OK, 7-digit ID or not, are you really so new here you think that Slashdot summaries (or even articles) are an always-accurate representation of the world? Out here in the real world, where I've been working in information security longer than you've been on this site (and nearly as long as I have, actually), we understand the difference between "the attacker needs to physically or remotely accessing the machine" and "the attacker needs to have code executing on the machine". It's a very important difference. The fact that the summary implies direct access is required is stupid, but the fact that you (and, apparently, a significant number of other people) took that implication as fact says much more about you all than it does about the exploit.
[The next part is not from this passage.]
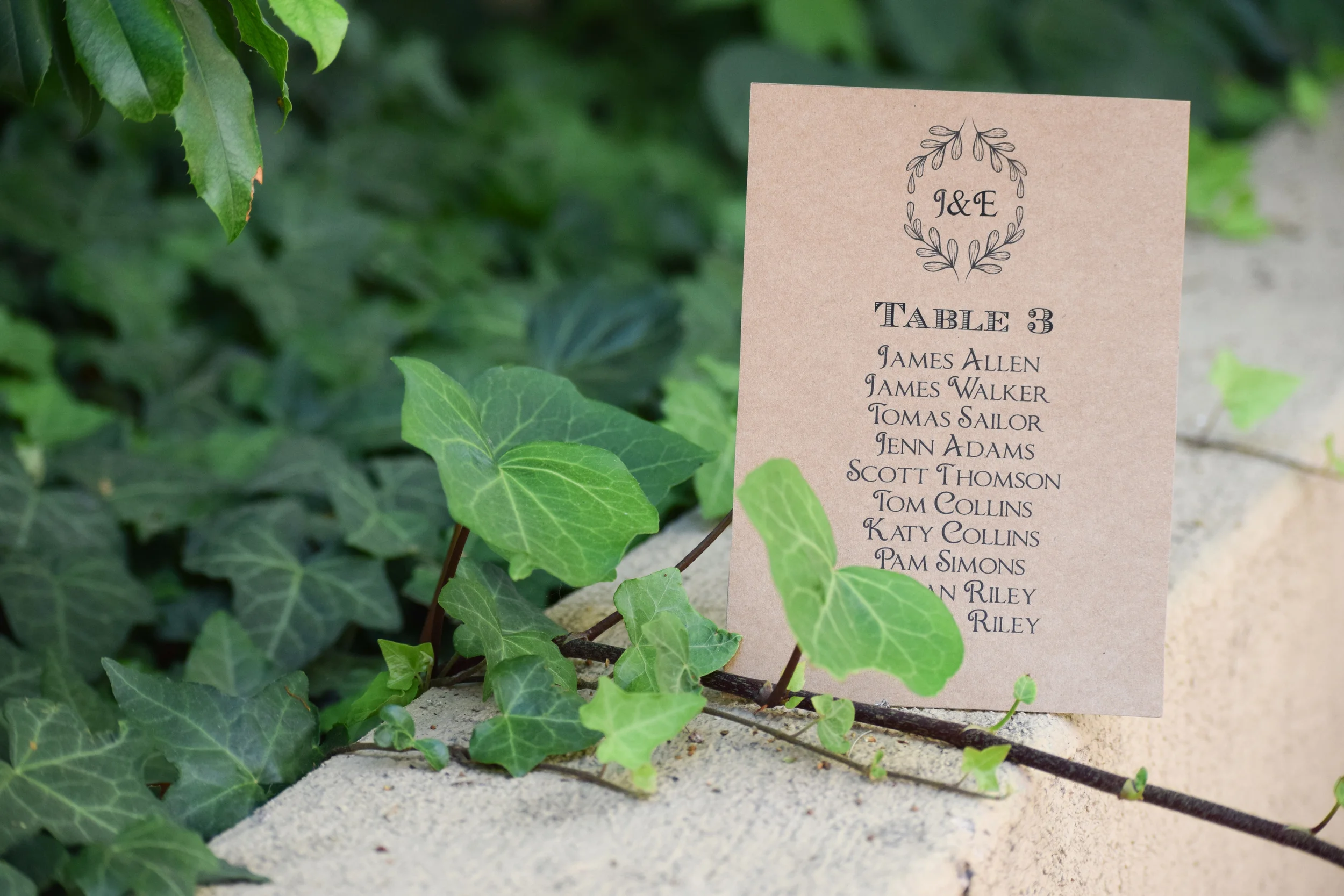 The Bridal Boutique | DIY Wedding Seating Charts by BSN Party Art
Try reading the actual exploit writeup rather than dumbed-down ThreatPost article, and you'll see that no such claim is made. There's not a single step of the process that requires the level of access you'd need to approve a UAC prompt. Hell, even in the ThreatPost article, it doesn't say (or even imply) anything about physical access.
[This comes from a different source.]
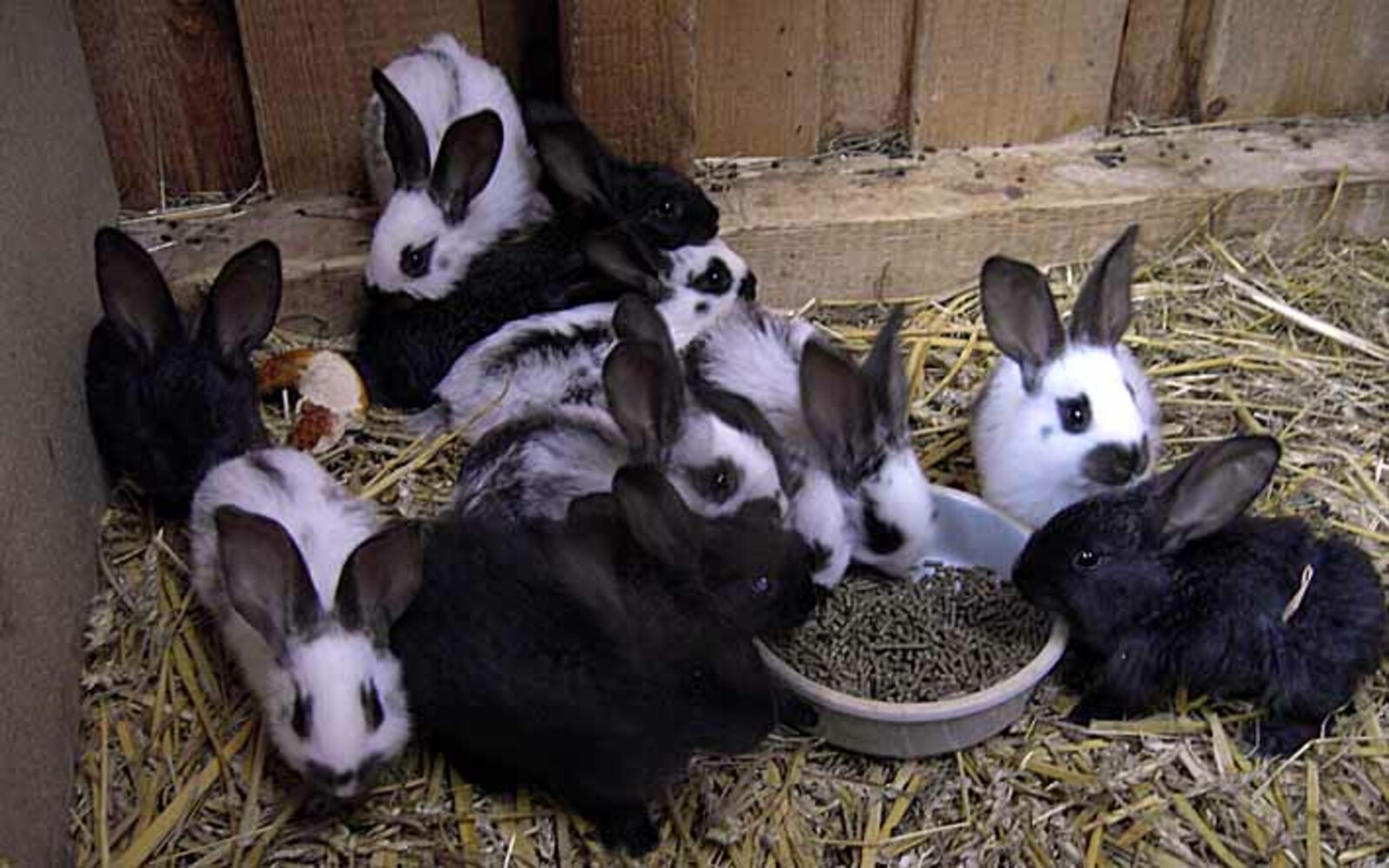 В питомнике живет несколько кроликов разного цвета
“This is a post-exploitation technique, so an attacker would need to already be on the system.”
You can do this exploit if you get non-elevated arbitrary code execution (via remote compromise, or Trojan download, or anything else of that sort) in the account of a member of the Administrators group. You cannot click "Allow" via non-elevated code execution; UAC is very carefully designed to not allow non-elevated code to approve its prompts.
Please don't run your mouth when you don't know what you're talking about. This exploit, and the UAC default in Win7+, are both stupid enough already; you don't have to turn it into a three-way race. Think first, then post!